Extracted records:
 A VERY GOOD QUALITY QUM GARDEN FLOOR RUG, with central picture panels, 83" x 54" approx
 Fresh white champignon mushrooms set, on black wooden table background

...

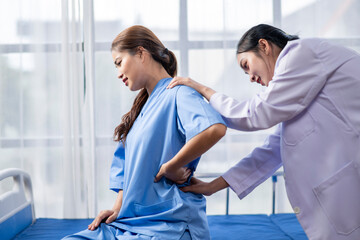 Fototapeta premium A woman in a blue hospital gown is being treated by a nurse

How to complete this task: Within the material above, extract exactly the lines that start at the line containing "A VERY GOOD" and stop after the line containing "Fresh white champignon", and only those.

Exercise output:
 A VERY GOOD QUALITY QUM GARDEN FLOOR RUG, with central picture panels, 83" x 54" approx
 Fresh white champignon mushrooms set, on black wooden table background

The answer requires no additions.